Lembro neste ponto um texto contido no livro Mitologias (2007) do escritor e semiólogo francês Roland Barthes sobre o poeta trágico Jean Baptiste Racine (1639-1699). O nome deste pequeno texto é Racine é Racine. Escreve Barthes: "Nossos críticos essencialistas passam o tempo a reencontrar a "verdade" dos nossos gênios passados; a Literatura é para eles uma vasta loja de objetos perdidos, onde as pessoas tentam localizar alguma coisa. " Barthes atribui isto a uma tautologia pequeno-burguesa que "dispensa ter idéias".
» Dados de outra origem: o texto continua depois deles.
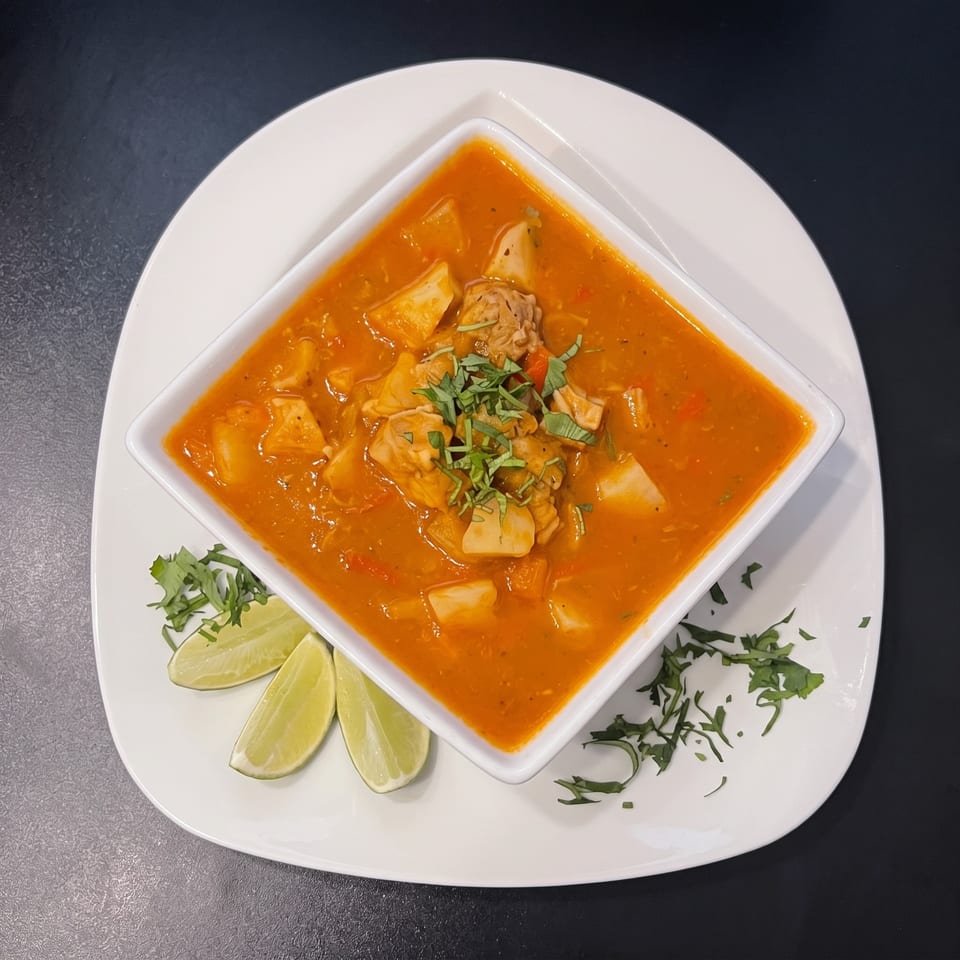 Vibrant orange-red stew with meat, potatoes, and fresh herbs, served with lime wedges.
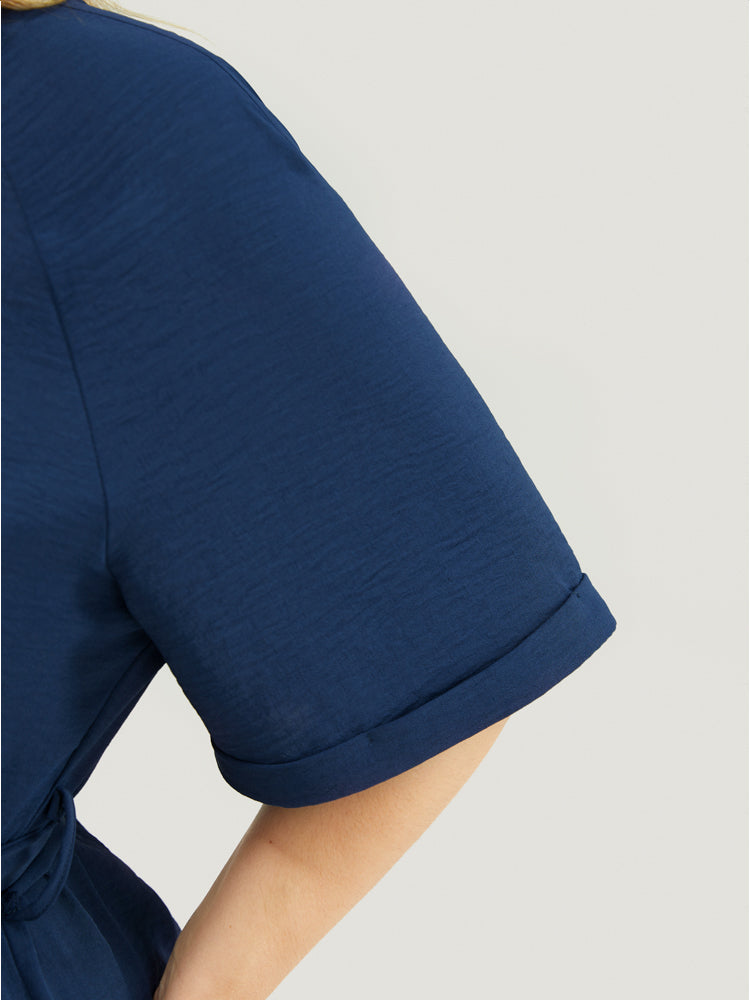 Plain Pocket Button Detail Belted Raglan Sleeve Jumpsuit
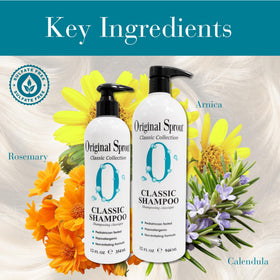 Original Sprout shampoo pouring and lathering in hand showing easy rinse benefit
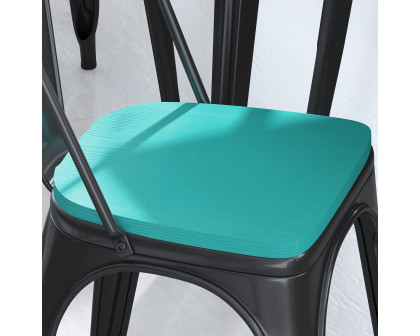 BLNK™ Perry Poly Resin Wood Seat with Rounded Edges for Colorful Metal Chairs and Stools Set of 4 - Mint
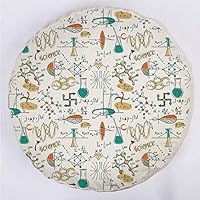YOUWENll Round Decorative Throw Pillow Floor Meditation Cushion Seating/Science Lab Objects Education Themed Drawing Scientific Formulas Biology Chemistry/for Home Decoration 17"x17" Multicolor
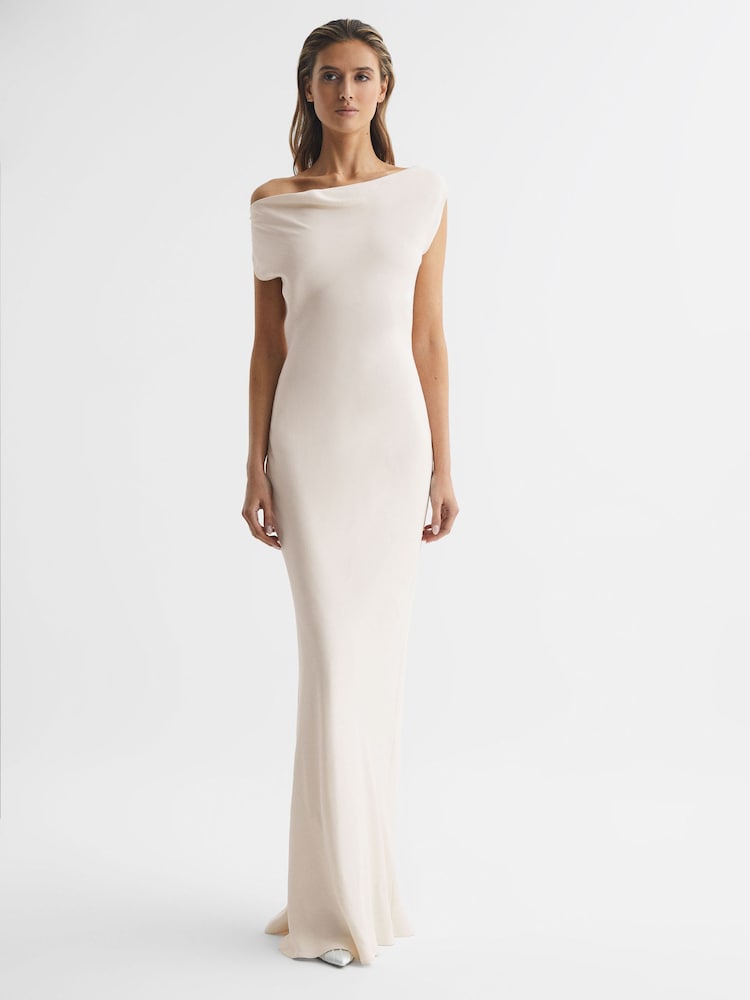 Reiss Ivory Loretta Off-The-Shoulder Maxi Dress - Image 6 of 6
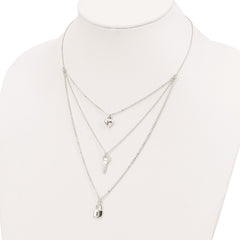 Sterling Silver Lock, Heart and Key Multi-Strand 16in Necklace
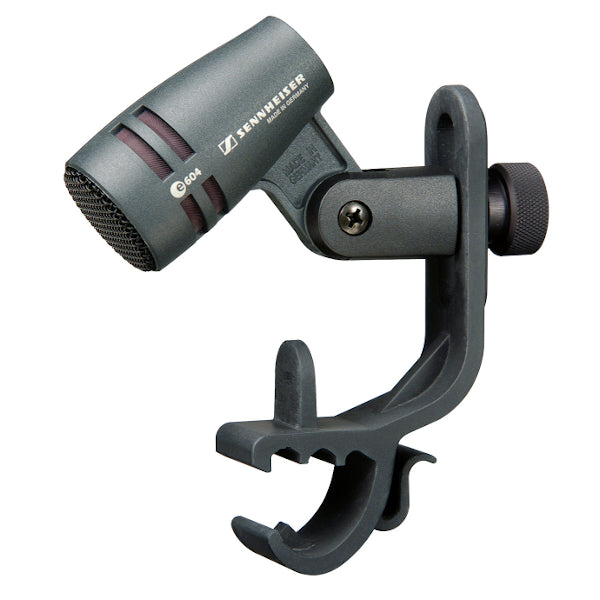 Left 45 degree angle view of the Sennheiser E 604 Dynamic Cardioid/Instrument Microphone with Pivot Mount.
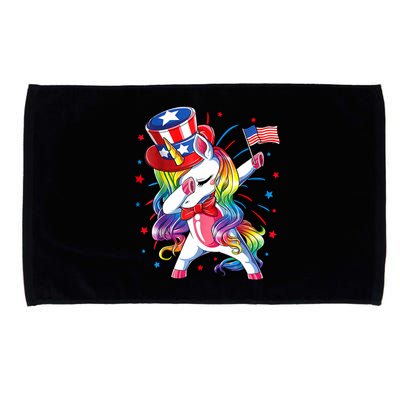 Dabbing Unicorn 4th Of July Women American Microfiber Hand Towel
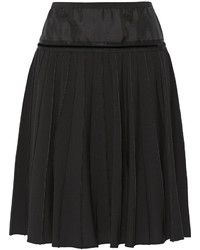 Marc Jacobs Silk Trimmed Pleated Stretch Wool Skirt Black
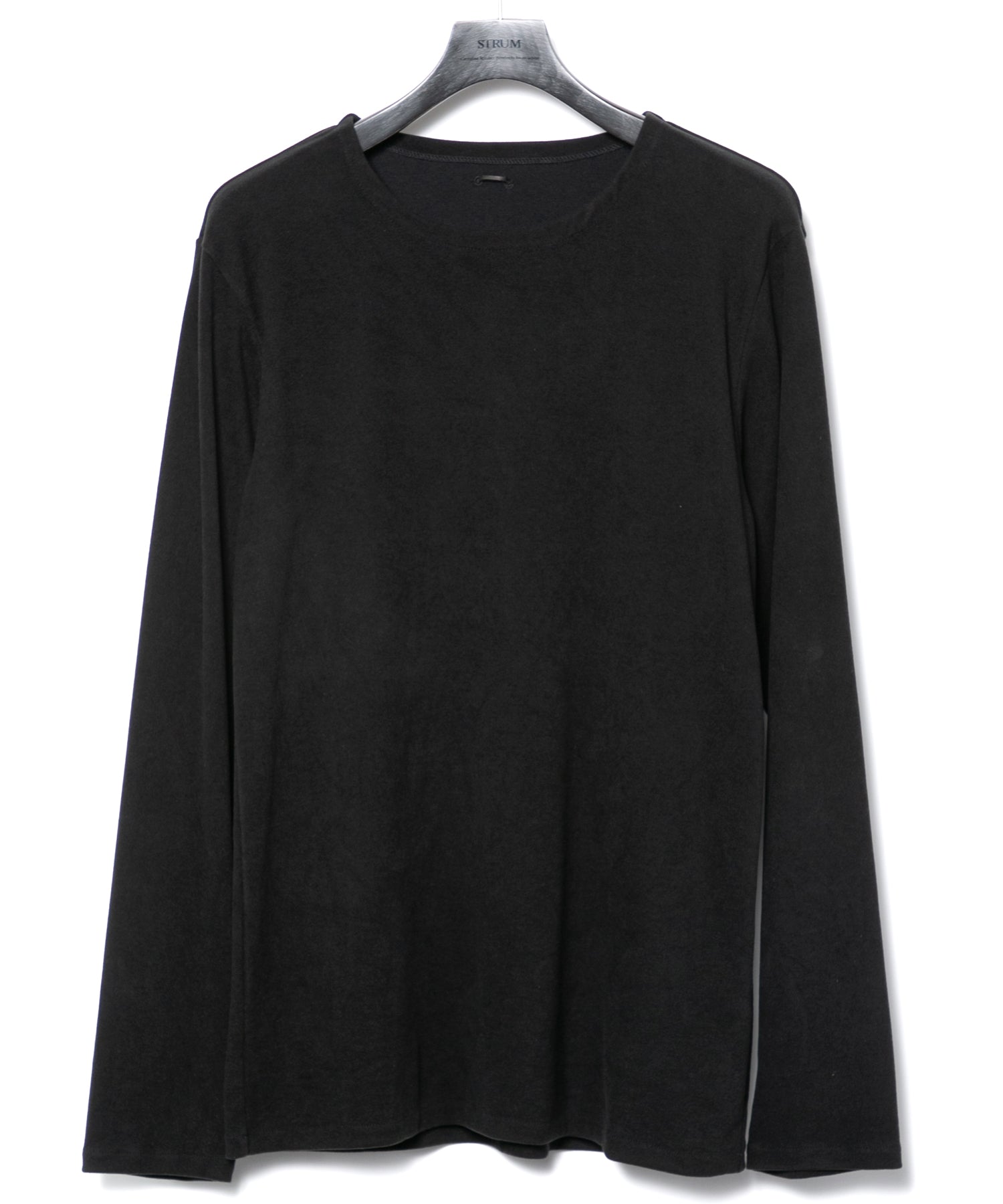 画像をギャラリービューアに読み込む, アクリル レーヨン ナイロン ストレッチ ポンチ L/S クルーネック T シャツ - BLACK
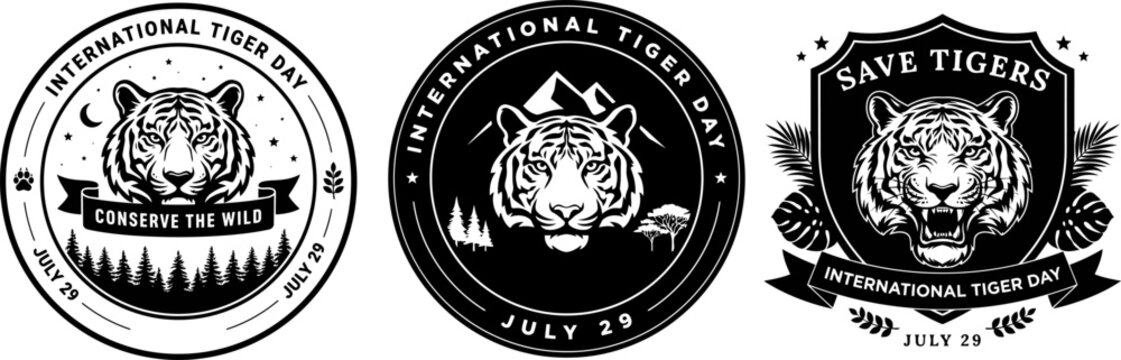 International tiger day with tiger faces, moon, stars, trees, and foliage save tigers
O personagem dO Apanhador, Holden Caufield pode ser até expressão do niilismo da vida burguesa de uma era ou dos anos pós-II Guerra, bem como o célebre livro de Salinger é de fato um livro bem escrito. Todavia, permitam-me a partir deste modesto blog duvidar sobre a decantada e imensa influência de Salinger sobre os fatos sociais e políticos da geração pop. Prefiro acreditar no Zeitgeist (espírito do tempo) que é capaz de formas múltiplas propiciar condições para que a sociedade e os indivíduos se movam à frente, para trás ou para a esquerda e direita. Um livro como O Apanhador é que está neste espírito e não o espírito que é saído dele. Os tautologistas burgueses (com uma nova permissão de Barthes), deveriam arregaçar as mangas e desmistificar J. D. Salinger. Deveriam parar de alimentar com a sua preguiça mental o mito Salinger e refletir sobre ele com um pouco do niilismo de Holden Caufield.
Por fim, há um risco adicional em tudo isto: Salinger teria muitos escritos inéditos. Enquanto estes estiverem escondidos pelas gavetas da casa dele em Cornish, prevalecerá toda esta mitificação do autor norte-americano. Será que alguém está disposto de mergulhar na obra de Salinger e descobrir que os anos 50 ou 60 seriam iguais aos que foram sem que existisse a obra dele? Ou que os anos 60 não passaram de um passeio pela selva e anti-civilização? Por Deus, a turma hippie trabalha hoje em Wall Street... Como diz o próprio Holden Caufield: "As pessoas batem palmas pelas coisas erradas."